Antiretroviral compounds and formulations allowing less frequent dosing are in development and may have the potential to positively impact adherence and acceptability of PrEP. The paradigm of long-acting injectable prophylaxis that is acceptable and effective has been established with progestogenic contraception [75]. An international survey of potential PrEP users and a survey of young MSM in New York City indicated that long-acting injectable formulations were acceptable and preferred over oral daily PrEP by up to 80% of those surveyed [76, 77], while a similar survey in a cohort of Thai MSM indicated that daily oral PrEP was preferred over injectable forms [78].
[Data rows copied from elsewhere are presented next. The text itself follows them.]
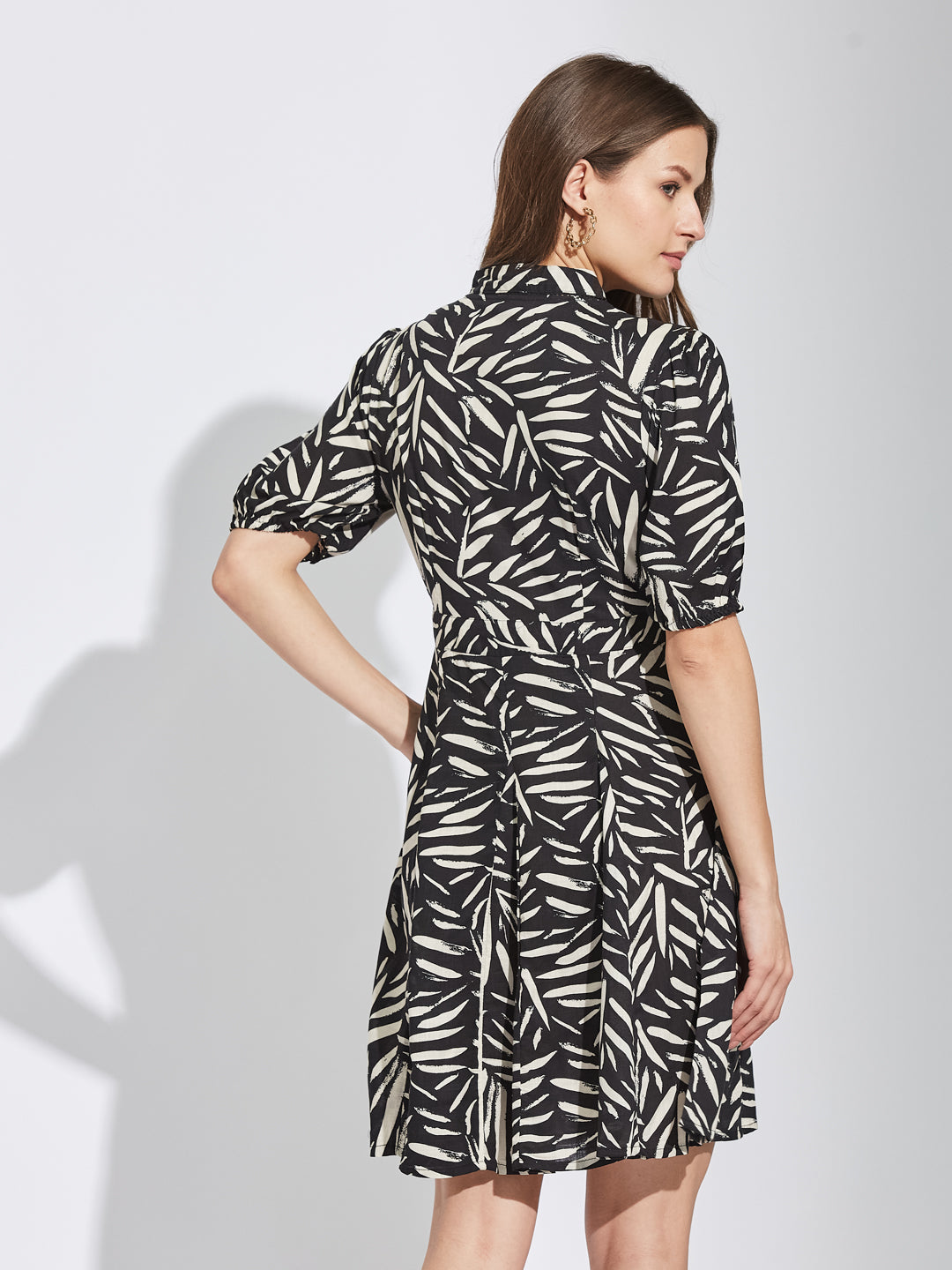 Latin Quarters Women  Black Half Sleeve V-Neck Printed Casual Dress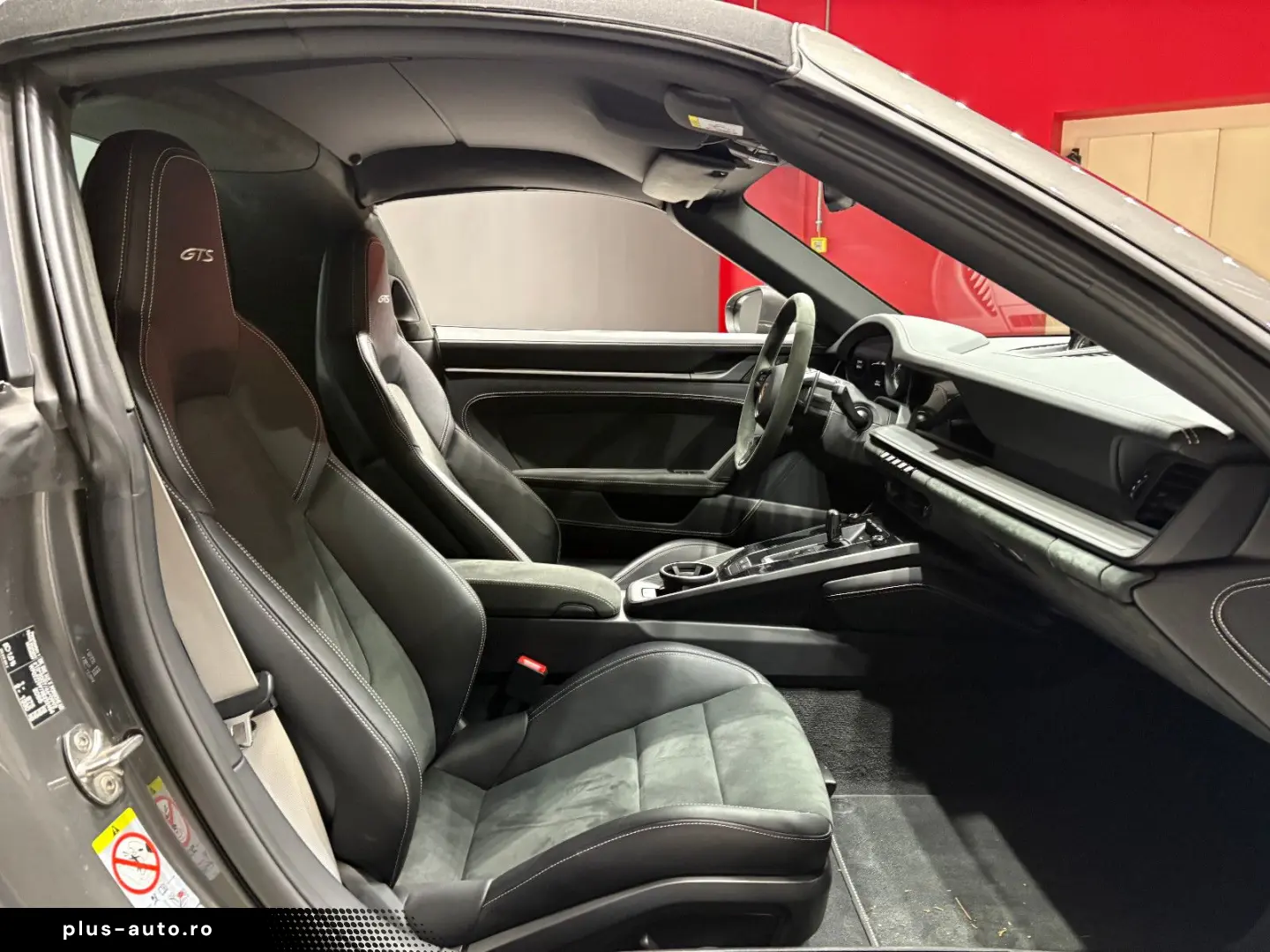 PORSCHE 911 Targa 4 GTS  Carbon  Matrix-LED  HA-Lenkung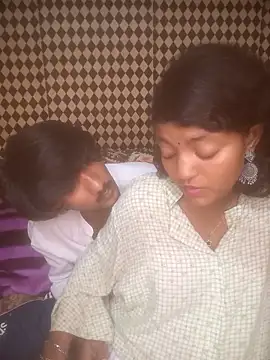 แชท XXX สดของ Freakingromance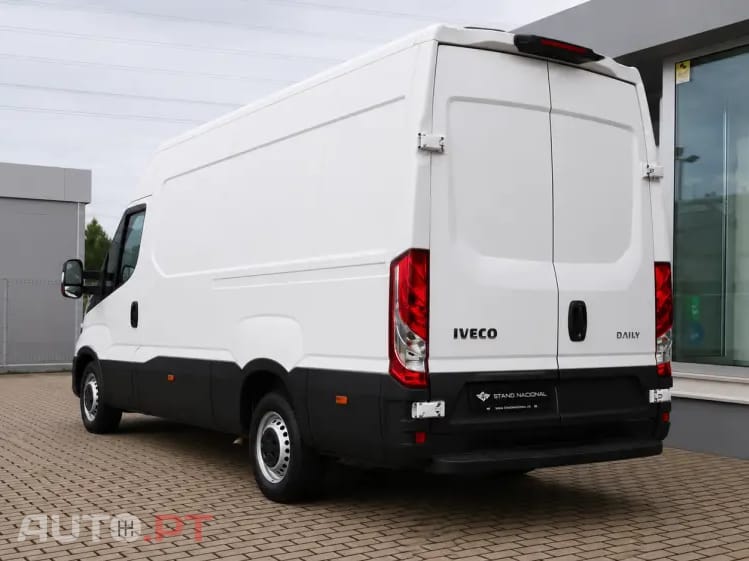 Iveco Daily 2.3 35C16 3000 CD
GSK744, an injectable long-acting integrase inhibitor with the possibility of dosing every 3 months demonstrated efficacy in prevention of rectal and vaginal SIV infection in macaques and a phase IIa trial evaluating tolerability and acceptability of this compound for HIV negative men is underway [79, 80]. TMC278-LA, a long-acting injectable form of the non-nucleotide reverse transcriptase inhibitor (NNRTI) rilpivirine with potential for use as PrEP, has also completed phase I trials and a phase II trial in HIV-uninfected women is planned [80-82]. Additionally, dapivirine and maraviroc containing vaginal rings remaining in place for 28 days have demonstrated safety and acceptability in phase I human trials and a dapivirine ring is currently under evaluation in human efficacy studies [83]. These products and other long-acting agents have the potential to impact adherence and offer many potential advantages over oral medication requiring daily dosing. Challenges with long-acting injectable agents include injection site reactions, follow-up for HIV testing and re-dosing of medication, and theoretical concerns that individuals stopping injections will experience prolonged suboptimal levels of medication that may lead to a greater risk of resistance will require investigation as these promising technologies become available [84].

Conclusion

PrEP is rapidly emerging as an important part of comprehensive HIV prevention programs, and has potential to impact HIV incidence. Consistently, adherence to medication is evident as the most important factor in realizing the benefits of PrEP [38, 42]. As PrEP moves toward wider implementation, improvements in understanding of adherence factors, and innovation in PrEP outreach to improve uptake and availability for all groups at risk for HIV infection will be required to decrease disparities in PrEP uptake and to maximize impact of this intervention.

Footnotes

Compliance with Ethics Guidelines

Conflict of Interest

Albert Liu donated a study drug to the US PrEP demo project, of which Liu is the protocol chair. Susanne Doblecki-Lewis has no conflicts of interest. Stephanie Cohen reports that Gilead donated a study drug to the US PrEP demo project, of which Cohen is the site co-PI.

Human and Animal Rights and Informed Consent

This article does not contain any studies with human or animal subjects performed by the author.